**Exercise requirements**
Begin at the line that holds "Vintage brass double" and copy each line exactly until the data below ends, including that last line but no pictures.

**Collected material**

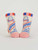 Pair of baby socks, cream colored background, blue and salmon color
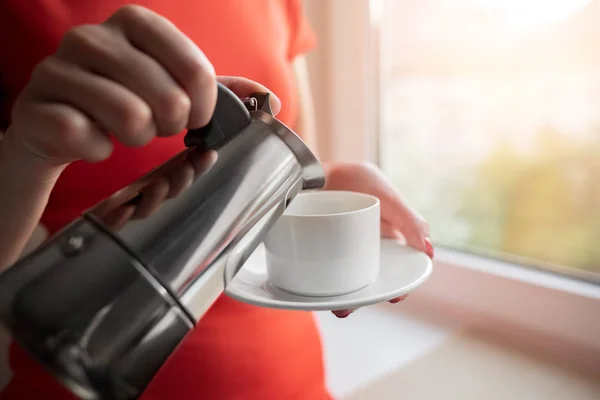 Une femme verse du café dans une tasse d'une cafetière . — Photo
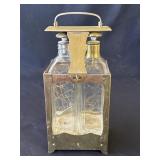 Vintage brass double Tantalus glass decanters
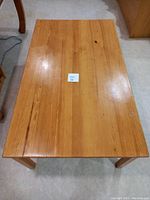 Top view of the pine wood Scanica table showing rectangular surface and wood grain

**Solution below**
 Vintage brass double Tantalus glass decanters
 Top view of the pine wood Scanica table showing rectangular surface and wood grain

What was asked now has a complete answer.